Segment Start: Input material
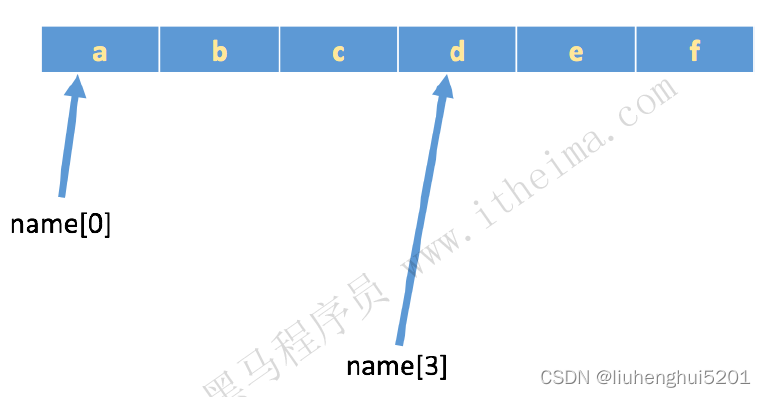 Python 字符串的使用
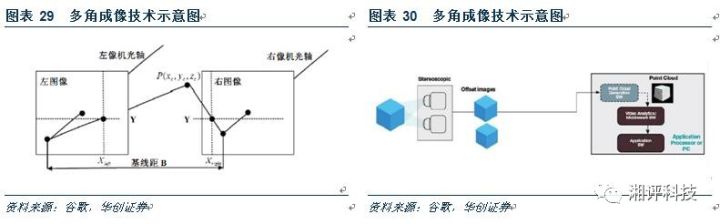 對3D攝像頭產(chǎn)業(yè)做一個超詳細(xì)的專業(yè)科普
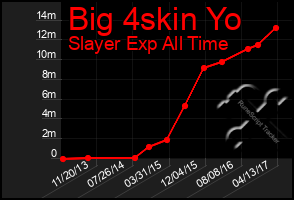 Total Graph of Big 4skin Yo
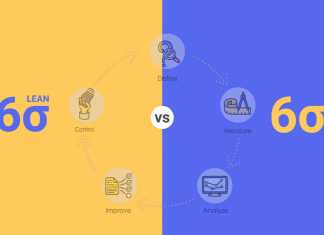 Lean vs. Six Sigma: Differences and Benefits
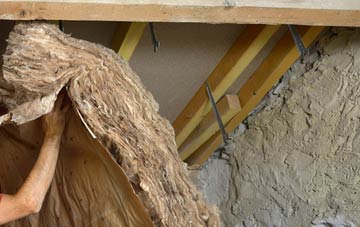 Wern pitched roof insulation costs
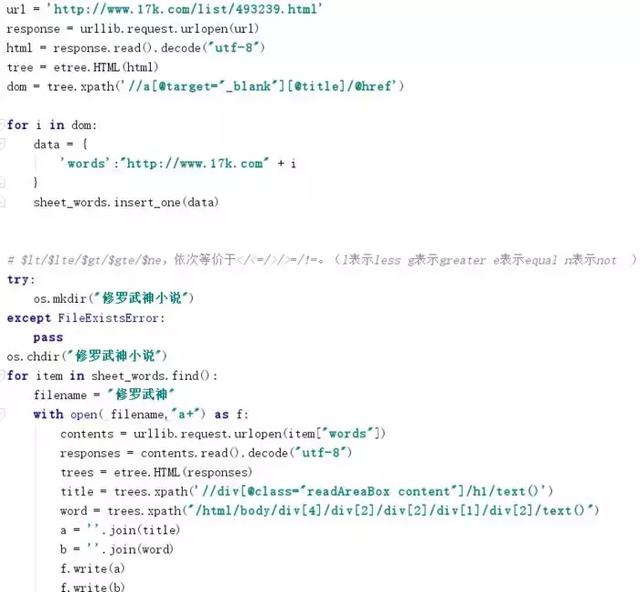 谁当年还没看过几本小说!我用Python爬取全站的的小说!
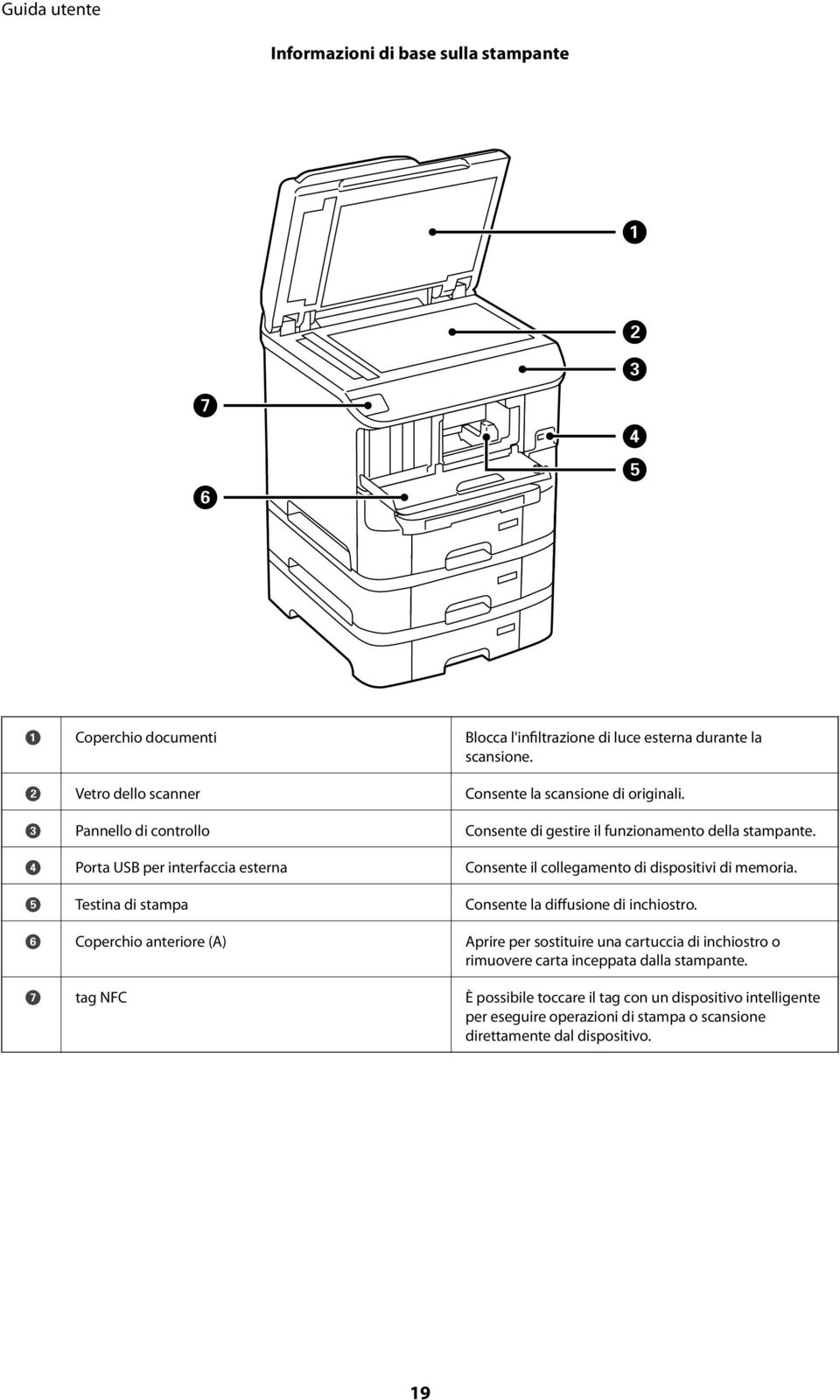 D Porta USB per interfaccia esterna Consente il collegamento di dispositivi di memoria. E Testina di stampa Consente la diffusione di inchiostro.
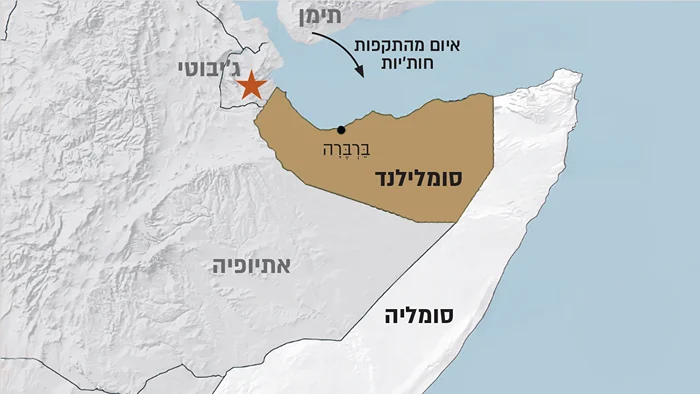 מה הסיפור עם סומלילנד – המדינה שוושינגטון בוחנת וירושלים עוקבת אחריה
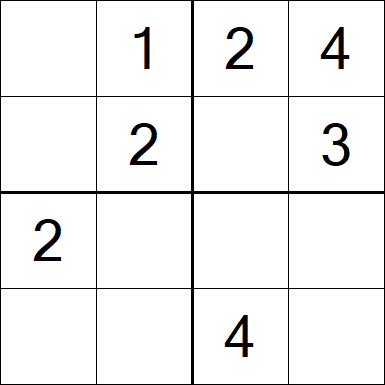 Sudoku 4x4 - Fácil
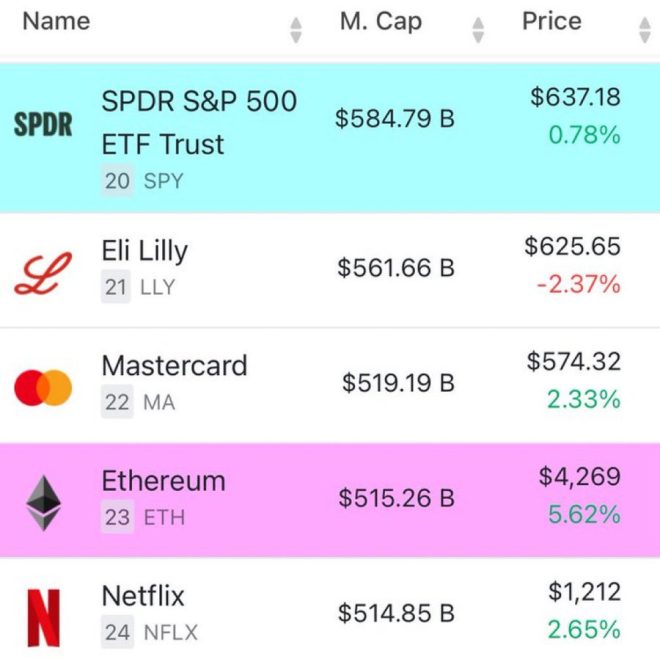 Ethereum Surges to Top 25: A Financial Revolution? —  h3 Cryptocurrency Milestone, h3 Ethereum Market Surge, h3 Digital Asset Revolution 2025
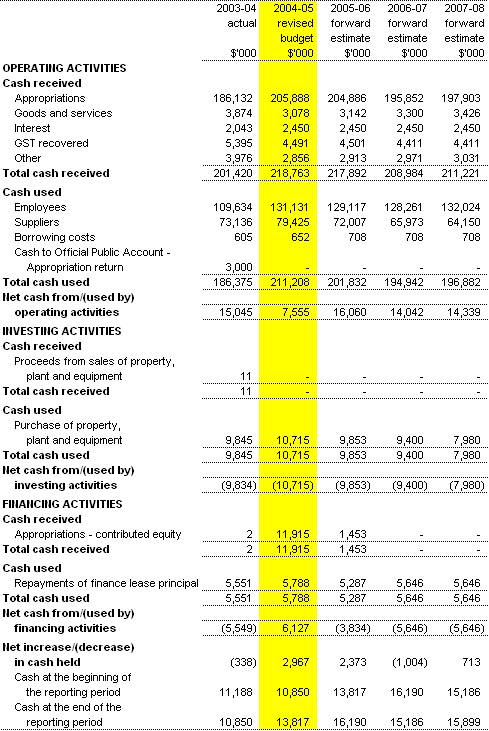 Table 3.3:  Budgeted agency statement of cash flows(for the period ended 30�June)
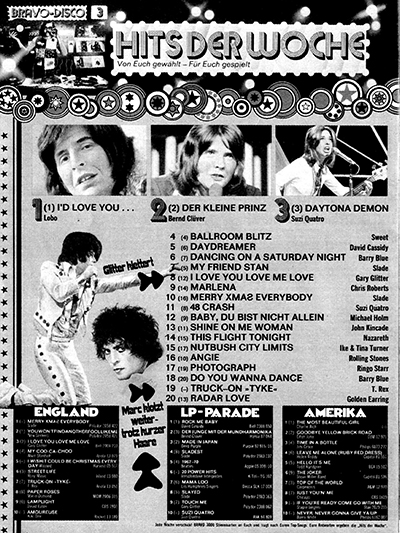 Bravo Magazine January 10, 1974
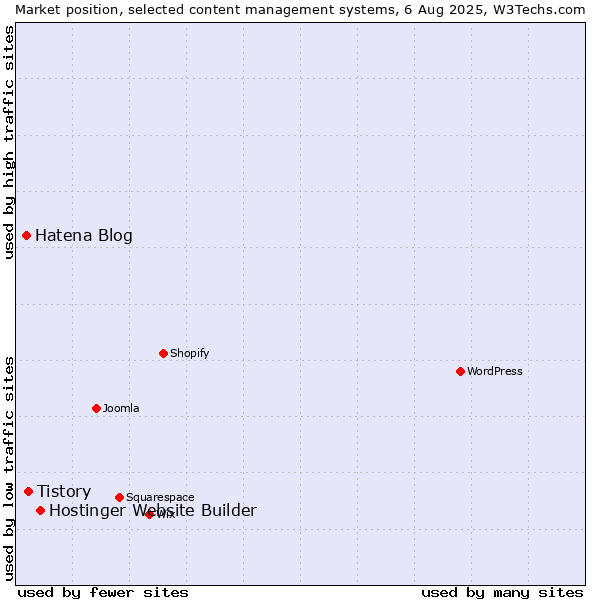 Market position of Hostinger Website Builder vs. Tistory vs. Hatena Blog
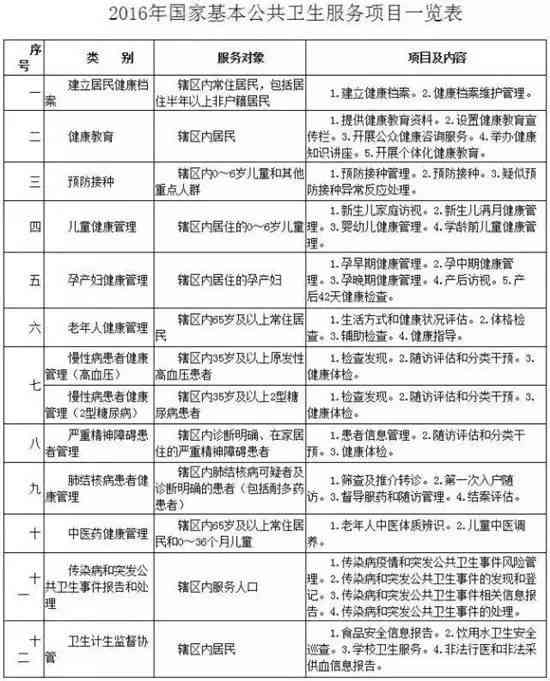 工伤等级认定：精神病人如何才能认定工伤等级及标准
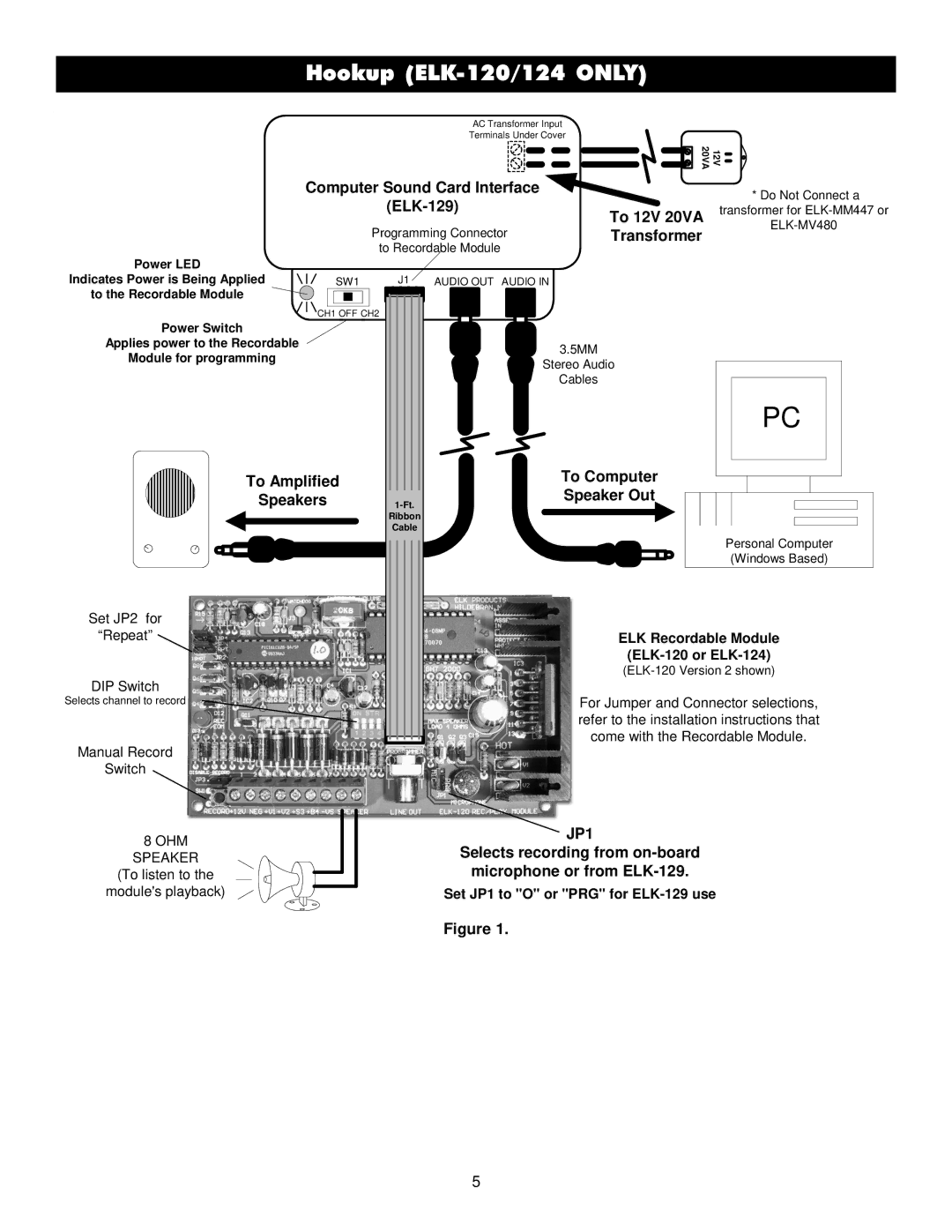 Elk 129 specifications Hookup ELK-120/124 only, Transformer 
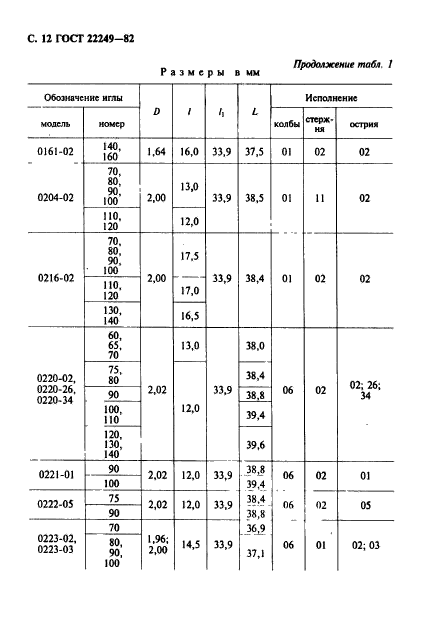 ГОСТ 22249-82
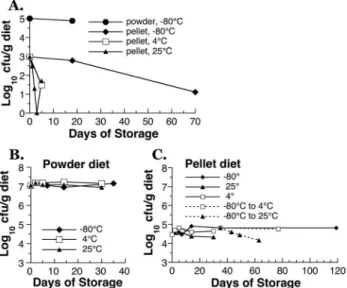 Figure 3. Ad libitum food intake information from three mouse feeding studies using pelleted AIN93G-based experimental diets containing inulin, probiotic Bb12, or inulin + Bb12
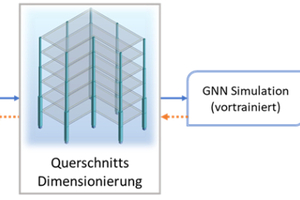  Beispiel einer automatisierten datengestützten Vordimensionierung von Stahlbetonelementen über Graph Neuronale Netze (GNN). 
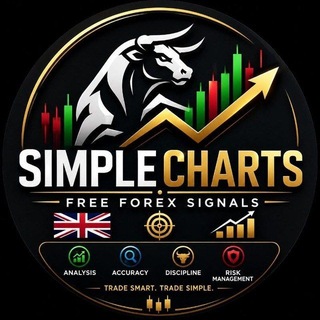 Telegram profile photo for SimpleCharts π¬π§ Free Forex Signals ππ₯
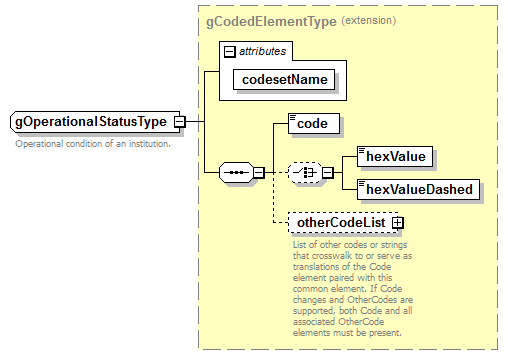 ReportObjects_diagrams/ReportObjects_p756.png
Segment End: Input material
# Directions
Reproduce the data above line for line, from its first line through the line containing "ГОСТ 22249-82", both ends included, with the pictures omitted and nothing more.

# Response below
 Python 字符串的使用
 對3D攝像頭產(chǎn)業(yè)做一個超詳細(xì)的專業(yè)科普
 Total Graph of Big 4skin Yo
 Lean vs. Six Sigma: Differences and Benefits
 Wern pitched roof insulation costs
 谁当年还没看过几本小说!我用Python爬取全站的的小说!
 D Porta USB per interfaccia esterna Consente il collegamento di dispositivi di memoria. E Testina di stampa Consente la diffusione di inchiostro.
 מה הסיפור עם סומלילנד – המדינה שוושינגטון בוחנת וירושלים עוקבת אחריה
 Sudoku 4x4 - Fácil
 Ethereum Surges to Top 25: A Financial Revolution? —  h3 Cryptocurrency Milestone, h3 Ethereum Market Surge, h3 Digital Asset Revolution 2025
 Table 3.3:  Budgeted agency statement of cash flows(for the period ended 30�June)
 Bravo Magazine January 10, 1974
 Market position of Hostinger Website Builder vs. Tistory vs. Hatena Blog
 工伤等级认定：精神病人如何才能认定工伤等级及标准
 Elk 129 specifications Hookup ELK-120/124 only, Transformer 
 ГОСТ 22249-82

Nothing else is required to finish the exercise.